Lecture Explores Impact of 1970 Black Panther Trials on Connecticut Juries

Steve ScarpaOctober 10, 20236min
DSC_8189

Professor of Government Sonali Chakravarti connected the 1970 Black Panther trials held in New Haven to important jury reforms taking place in Connecticut today.

Chakravarti delivered her lecture on the subject, entitled “The Black Panther Trials in New Haven and the Power of the Jury,” at the Faculty and Staff Lunch Talk held on October 5.

She outlined a brief history of the Black Panther Party in Connecticut and the facts behind two trials surrounding the 1969 murder of Alex Rackley, a 19-year-old Floridian who had been sent to help the Panther chapter in New Haven. The Black Panther Party was the target of surveillance by state and federal law enforcement, and it appeared that Rackley’s murder had been orchestrated by law enforcement, Chakravarti said. The trials were seen as overreach on the part of the state to decimate the party.

Wide-spread coverage of the murder made it difficult to find jury members, taking almost four months and the questioning of 1,500 potential jurors to complete the process. In advance of the trial about 20,000 protestors and 6,000 troops came to New Haven, creating a volatile situation. The assembly, which came to be known as the May Day protest, was peaceful, but did have an impact on how jury members viewed the Panthers.

She argued that there were several lessons to be gleaned from this historical moment.

“The first is about the power of the jury to stop politically-motivated prosecutions such as these. When so many state forces have conspired to fabricate evidence and engage in entrapment, the jury is the last mechanism to prevent the wrongful punishment of a defendant,” Chakravarti said.

The case also shows how highly publicized political trials are particularly challenging for jurors, she explained. “They can evoke an intensity that works against the power always held by the jury to find a defendant not guilty,” Chakravarti said. Another key point is about how the protracted jury selection in the case brought to the surface what it means to be an impartial juror in ways the court system has only recently begun to appreciate. “Building an understanding of racial dynamics into how it is understood to be objective,” Chakravarti said.

While the Black Panthers embraced a socialist worldview for society, the group believed in the need for a strong—and fair—jury system.

“The Fourteenth Amendment of the U.S. Constitution gives a man a right to be tried by his peer group. A peer is a person from a similar economic, social, religious, geographical, environmental, historical, and racial background. To do this the court will be forced to select a jury from the Black community from which the Black defendant came. We have been, and we are being, tried by all-White juries that have no understanding of the ‘average reasoning man’ of the Black community,” according to the Black Panther party platform.

“The centrality of a fight for a fair jury, made up of Black people who were peers of Black defendants, held obvious strategic value given how much the Panthers were the target of law enforcement,” Chakravarti said.

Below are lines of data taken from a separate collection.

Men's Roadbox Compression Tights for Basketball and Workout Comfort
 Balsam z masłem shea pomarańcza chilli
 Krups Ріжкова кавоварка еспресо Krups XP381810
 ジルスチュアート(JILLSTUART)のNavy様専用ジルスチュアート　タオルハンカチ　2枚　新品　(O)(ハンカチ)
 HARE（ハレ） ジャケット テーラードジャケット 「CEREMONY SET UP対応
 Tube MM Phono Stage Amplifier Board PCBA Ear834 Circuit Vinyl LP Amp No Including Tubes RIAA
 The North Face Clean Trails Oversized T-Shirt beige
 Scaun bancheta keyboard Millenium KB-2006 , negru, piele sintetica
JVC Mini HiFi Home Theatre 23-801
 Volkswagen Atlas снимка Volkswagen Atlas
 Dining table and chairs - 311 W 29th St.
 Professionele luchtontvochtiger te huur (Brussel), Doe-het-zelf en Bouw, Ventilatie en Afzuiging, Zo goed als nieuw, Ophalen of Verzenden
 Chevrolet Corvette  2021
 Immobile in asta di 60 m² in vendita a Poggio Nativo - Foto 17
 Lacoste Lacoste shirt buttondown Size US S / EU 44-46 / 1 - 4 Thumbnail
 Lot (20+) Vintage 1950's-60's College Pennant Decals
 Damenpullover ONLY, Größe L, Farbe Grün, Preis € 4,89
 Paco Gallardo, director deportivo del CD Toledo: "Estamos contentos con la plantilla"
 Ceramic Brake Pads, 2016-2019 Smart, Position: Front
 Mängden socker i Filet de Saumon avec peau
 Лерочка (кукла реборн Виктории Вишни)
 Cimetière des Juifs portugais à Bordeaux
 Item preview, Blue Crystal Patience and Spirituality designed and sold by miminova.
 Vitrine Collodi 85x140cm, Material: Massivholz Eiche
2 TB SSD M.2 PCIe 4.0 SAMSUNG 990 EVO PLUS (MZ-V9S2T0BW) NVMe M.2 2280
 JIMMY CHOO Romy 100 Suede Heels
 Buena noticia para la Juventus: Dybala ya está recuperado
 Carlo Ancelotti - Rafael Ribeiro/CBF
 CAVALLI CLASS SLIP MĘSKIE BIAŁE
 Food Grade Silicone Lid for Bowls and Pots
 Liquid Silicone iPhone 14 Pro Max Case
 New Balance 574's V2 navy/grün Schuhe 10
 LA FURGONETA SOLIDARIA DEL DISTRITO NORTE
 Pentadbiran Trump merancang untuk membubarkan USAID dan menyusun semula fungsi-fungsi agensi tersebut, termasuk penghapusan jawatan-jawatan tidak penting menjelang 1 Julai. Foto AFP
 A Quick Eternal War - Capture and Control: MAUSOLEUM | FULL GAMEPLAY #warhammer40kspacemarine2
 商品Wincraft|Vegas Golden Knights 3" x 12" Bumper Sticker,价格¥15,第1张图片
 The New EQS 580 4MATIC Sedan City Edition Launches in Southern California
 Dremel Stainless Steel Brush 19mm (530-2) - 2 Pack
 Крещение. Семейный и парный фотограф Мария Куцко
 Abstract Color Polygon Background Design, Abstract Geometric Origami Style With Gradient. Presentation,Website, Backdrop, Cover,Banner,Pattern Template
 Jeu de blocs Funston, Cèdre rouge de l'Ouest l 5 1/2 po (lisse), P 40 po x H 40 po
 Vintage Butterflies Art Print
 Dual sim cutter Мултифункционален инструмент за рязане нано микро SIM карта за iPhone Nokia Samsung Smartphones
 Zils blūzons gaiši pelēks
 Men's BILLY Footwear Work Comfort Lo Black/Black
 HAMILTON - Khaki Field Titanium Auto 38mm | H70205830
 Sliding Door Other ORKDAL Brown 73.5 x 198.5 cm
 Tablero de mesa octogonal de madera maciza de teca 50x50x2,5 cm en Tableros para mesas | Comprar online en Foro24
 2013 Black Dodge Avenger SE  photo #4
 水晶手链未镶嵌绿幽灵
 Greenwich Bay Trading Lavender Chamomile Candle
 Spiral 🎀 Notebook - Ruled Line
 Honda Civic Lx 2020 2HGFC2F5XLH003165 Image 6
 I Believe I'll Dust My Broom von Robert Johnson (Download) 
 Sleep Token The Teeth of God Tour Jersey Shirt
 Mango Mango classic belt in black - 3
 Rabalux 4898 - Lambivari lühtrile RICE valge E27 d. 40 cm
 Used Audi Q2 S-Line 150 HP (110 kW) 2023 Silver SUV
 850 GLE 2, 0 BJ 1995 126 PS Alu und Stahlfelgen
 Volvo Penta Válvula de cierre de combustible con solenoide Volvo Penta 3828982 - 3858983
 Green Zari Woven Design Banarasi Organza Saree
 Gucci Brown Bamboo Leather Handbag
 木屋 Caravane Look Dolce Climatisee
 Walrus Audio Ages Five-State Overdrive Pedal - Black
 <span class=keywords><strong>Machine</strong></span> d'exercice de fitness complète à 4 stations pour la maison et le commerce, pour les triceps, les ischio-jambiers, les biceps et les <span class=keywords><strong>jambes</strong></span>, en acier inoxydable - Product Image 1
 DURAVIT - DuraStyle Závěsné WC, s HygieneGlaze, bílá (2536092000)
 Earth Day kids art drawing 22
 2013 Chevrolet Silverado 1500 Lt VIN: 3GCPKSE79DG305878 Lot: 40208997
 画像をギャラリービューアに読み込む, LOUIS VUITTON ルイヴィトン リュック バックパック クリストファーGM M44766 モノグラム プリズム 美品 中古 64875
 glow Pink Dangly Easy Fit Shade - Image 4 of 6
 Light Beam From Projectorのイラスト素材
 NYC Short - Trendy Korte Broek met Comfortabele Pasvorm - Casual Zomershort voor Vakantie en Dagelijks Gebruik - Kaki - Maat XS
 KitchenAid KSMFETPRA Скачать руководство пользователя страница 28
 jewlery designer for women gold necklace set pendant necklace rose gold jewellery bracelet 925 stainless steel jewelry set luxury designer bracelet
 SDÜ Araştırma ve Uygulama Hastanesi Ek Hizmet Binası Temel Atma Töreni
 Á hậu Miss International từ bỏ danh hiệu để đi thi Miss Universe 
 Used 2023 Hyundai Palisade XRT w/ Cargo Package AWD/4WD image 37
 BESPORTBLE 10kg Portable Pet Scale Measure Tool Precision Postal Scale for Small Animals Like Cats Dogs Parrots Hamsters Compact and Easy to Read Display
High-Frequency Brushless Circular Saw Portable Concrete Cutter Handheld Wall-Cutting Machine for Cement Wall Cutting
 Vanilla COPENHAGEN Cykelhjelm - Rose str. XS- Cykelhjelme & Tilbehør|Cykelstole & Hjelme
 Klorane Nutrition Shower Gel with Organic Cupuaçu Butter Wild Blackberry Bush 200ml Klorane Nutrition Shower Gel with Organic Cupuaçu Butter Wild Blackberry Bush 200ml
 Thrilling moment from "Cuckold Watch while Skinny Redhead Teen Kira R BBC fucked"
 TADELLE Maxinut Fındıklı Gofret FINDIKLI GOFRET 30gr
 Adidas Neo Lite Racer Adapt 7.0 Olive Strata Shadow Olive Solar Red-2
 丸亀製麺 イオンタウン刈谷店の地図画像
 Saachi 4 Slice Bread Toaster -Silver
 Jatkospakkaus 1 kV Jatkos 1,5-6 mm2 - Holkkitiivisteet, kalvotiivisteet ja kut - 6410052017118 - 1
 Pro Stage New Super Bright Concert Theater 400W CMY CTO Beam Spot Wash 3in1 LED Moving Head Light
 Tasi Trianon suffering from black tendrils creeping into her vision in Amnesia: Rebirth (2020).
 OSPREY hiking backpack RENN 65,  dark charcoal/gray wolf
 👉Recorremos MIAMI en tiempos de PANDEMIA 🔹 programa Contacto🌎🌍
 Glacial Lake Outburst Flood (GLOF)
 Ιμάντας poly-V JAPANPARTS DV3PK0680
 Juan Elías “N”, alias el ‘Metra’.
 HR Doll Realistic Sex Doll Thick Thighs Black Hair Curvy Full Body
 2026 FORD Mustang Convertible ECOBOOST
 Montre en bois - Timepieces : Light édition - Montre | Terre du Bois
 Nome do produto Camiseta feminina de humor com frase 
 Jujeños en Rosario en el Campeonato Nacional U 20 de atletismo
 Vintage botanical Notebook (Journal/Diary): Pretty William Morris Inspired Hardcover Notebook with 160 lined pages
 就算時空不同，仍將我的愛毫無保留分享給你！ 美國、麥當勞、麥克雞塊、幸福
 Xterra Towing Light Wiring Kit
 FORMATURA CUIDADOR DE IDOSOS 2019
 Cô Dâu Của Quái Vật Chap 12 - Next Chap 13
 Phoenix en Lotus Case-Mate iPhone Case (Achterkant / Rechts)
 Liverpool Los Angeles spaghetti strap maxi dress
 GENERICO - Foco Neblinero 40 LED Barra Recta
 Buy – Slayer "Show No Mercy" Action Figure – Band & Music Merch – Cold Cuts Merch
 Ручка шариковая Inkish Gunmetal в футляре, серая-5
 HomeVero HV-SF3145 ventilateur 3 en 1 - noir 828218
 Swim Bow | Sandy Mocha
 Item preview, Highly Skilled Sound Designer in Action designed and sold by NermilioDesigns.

Decades later, the state of Connecticut was still wrestling with problematic jury selection processes. The court system set up a task force to look at race-based discrimination in Connecticut juries. Jurors can no longer be dismissed for having prior contact with law enforcement or expressing distrust of police, living in a high crime neighborhood, receiving state benefits, not being a native speaker, or being the victim of a crime.

“Some of these are shocking as indications of the type of flimsy reasoning that had been used to dismiss Black jurors in the past. These changes feel past due,” Chakravarti said.

Chakravarti believes that the issues at the center of the trial— systemic discrimination against Black people and police violence—are still relevant. “There is another lesson worth taking from their legacy: the selection of community members for a jury is always a political process and it has direct consequences for those most vulnerable in a community. While the court system in the United States has often acted against the interests and liberties of those it is supposed to protect, the mechanism of the jury continues to be a space that is difficult for those in power to capture. We must work to get the juries we deserve,” she said.